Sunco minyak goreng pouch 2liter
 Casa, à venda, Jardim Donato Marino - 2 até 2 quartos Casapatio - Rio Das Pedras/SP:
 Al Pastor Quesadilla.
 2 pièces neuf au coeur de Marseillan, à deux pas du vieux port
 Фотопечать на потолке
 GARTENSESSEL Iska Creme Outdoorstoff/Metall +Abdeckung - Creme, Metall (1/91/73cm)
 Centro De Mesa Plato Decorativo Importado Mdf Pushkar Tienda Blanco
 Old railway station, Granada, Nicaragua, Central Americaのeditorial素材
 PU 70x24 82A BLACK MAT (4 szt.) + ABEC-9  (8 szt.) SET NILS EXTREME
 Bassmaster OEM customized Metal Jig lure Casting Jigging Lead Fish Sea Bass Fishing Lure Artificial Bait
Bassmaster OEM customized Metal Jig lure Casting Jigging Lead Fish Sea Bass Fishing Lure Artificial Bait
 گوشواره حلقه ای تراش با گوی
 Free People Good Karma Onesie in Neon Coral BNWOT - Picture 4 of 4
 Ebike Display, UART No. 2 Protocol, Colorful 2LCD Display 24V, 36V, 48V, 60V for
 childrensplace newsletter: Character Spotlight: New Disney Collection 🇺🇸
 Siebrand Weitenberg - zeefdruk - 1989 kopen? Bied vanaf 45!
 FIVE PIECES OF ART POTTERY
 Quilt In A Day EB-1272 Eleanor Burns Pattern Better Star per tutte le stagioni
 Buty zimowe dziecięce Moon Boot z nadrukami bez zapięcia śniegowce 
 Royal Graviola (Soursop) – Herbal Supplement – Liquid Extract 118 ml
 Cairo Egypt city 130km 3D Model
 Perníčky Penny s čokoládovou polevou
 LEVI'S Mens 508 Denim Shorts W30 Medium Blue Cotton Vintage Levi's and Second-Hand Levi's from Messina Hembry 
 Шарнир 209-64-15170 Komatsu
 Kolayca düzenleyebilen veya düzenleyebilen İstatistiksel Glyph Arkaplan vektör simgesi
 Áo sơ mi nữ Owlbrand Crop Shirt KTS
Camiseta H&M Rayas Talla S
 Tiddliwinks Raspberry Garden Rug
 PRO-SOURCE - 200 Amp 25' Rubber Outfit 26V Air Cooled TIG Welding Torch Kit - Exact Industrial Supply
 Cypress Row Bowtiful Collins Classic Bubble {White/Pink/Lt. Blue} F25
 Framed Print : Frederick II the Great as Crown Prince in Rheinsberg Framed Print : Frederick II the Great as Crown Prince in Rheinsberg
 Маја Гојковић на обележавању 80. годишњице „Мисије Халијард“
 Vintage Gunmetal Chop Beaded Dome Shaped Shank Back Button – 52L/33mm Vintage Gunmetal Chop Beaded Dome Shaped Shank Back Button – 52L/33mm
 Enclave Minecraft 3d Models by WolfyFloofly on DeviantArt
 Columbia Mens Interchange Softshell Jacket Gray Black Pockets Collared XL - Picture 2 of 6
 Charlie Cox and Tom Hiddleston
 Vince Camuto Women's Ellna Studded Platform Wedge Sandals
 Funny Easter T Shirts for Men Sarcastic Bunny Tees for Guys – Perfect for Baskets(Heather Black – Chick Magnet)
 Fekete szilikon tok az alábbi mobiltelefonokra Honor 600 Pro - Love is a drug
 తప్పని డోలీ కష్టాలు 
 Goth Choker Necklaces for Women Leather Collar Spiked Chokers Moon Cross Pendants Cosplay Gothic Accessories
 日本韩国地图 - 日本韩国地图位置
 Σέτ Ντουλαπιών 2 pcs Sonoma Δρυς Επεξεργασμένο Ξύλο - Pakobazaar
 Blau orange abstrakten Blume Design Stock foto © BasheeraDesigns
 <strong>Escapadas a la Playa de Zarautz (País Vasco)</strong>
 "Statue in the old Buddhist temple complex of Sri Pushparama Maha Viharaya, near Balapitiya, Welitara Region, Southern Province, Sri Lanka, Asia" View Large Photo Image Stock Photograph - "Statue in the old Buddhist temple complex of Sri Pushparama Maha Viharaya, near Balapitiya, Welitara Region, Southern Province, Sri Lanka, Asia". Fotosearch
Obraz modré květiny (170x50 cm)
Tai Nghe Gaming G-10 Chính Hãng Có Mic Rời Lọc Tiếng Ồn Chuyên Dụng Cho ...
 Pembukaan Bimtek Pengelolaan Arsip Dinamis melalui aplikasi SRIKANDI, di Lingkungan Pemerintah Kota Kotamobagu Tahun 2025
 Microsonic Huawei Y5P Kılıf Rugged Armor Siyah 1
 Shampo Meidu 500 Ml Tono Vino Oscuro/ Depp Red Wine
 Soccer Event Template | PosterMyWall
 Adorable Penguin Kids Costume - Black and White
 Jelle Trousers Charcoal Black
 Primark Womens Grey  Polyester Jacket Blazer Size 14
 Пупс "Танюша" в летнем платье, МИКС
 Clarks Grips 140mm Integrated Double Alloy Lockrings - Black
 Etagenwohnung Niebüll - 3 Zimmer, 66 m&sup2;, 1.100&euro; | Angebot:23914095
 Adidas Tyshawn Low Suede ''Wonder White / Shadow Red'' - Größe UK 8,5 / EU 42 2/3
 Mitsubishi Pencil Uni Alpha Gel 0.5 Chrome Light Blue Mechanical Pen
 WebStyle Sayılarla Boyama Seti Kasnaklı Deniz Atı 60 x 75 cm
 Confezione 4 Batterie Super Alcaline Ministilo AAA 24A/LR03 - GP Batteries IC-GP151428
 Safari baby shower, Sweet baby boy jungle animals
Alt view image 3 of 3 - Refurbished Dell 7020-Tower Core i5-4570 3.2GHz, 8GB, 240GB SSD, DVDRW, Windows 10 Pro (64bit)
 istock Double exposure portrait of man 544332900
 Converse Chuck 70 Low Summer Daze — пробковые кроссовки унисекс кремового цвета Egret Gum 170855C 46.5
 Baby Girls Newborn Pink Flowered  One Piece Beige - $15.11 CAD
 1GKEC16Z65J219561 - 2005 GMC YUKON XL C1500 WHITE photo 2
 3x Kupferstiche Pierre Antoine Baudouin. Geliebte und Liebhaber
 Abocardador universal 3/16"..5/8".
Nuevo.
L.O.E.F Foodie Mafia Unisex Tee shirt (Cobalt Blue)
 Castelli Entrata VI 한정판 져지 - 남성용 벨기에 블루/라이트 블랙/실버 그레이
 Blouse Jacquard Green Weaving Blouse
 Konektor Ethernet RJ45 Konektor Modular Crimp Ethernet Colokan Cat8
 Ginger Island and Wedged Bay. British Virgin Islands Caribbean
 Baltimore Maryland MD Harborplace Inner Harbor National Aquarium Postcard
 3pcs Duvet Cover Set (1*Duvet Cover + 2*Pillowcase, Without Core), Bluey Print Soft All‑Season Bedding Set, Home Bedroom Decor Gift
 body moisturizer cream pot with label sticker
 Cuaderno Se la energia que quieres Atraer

### TASK BRIEF
If a line comes after the one that contains "Perníčky Penny s čokoládovou polevou", leave it out; return every line of the entries up to that point exactly, starting with the first, with that line included.

### RESULT FOR THIS TASK
Sunco minyak goreng pouch 2liter
 Casa, à venda, Jardim Donato Marino - 2 até 2 quartos Casapatio - Rio Das Pedras/SP:
 Al Pastor Quesadilla.
 2 pièces neuf au coeur de Marseillan, à deux pas du vieux port
 Фотопечать на потолке
 GARTENSESSEL Iska Creme Outdoorstoff/Metall +Abdeckung - Creme, Metall (1/91/73cm)
 Centro De Mesa Plato Decorativo Importado Mdf Pushkar Tienda Blanco
 Old railway station, Granada, Nicaragua, Central Americaのeditorial素材
 PU 70x24 82A BLACK MAT (4 szt.) + ABEC-9  (8 szt.) SET NILS EXTREME
 Bassmaster OEM customized Metal Jig lure Casting Jigging Lead Fish Sea Bass Fishing Lure Artificial Bait
Bassmaster OEM customized Metal Jig lure Casting Jigging Lead Fish Sea Bass Fishing Lure Artificial Bait
 گوشواره حلقه ای تراش با گوی
 Free People Good Karma Onesie in Neon Coral BNWOT - Picture 4 of 4
 Ebike Display, UART No. 2 Protocol, Colorful 2LCD Display 24V, 36V, 48V, 60V for
 childrensplace newsletter: Character Spotlight: New Disney Collection 🇺🇸
 Siebrand Weitenberg - zeefdruk - 1989 kopen? Bied vanaf 45!
 FIVE PIECES OF ART POTTERY
 Quilt In A Day EB-1272 Eleanor Burns Pattern Better Star per tutte le stagioni
 Buty zimowe dziecięce Moon Boot z nadrukami bez zapięcia śniegowce 
 Royal Graviola (Soursop) – Herbal Supplement – Liquid Extract 118 ml
 Cairo Egypt city 130km 3D Model
 Perníčky Penny s čokoládovou polevou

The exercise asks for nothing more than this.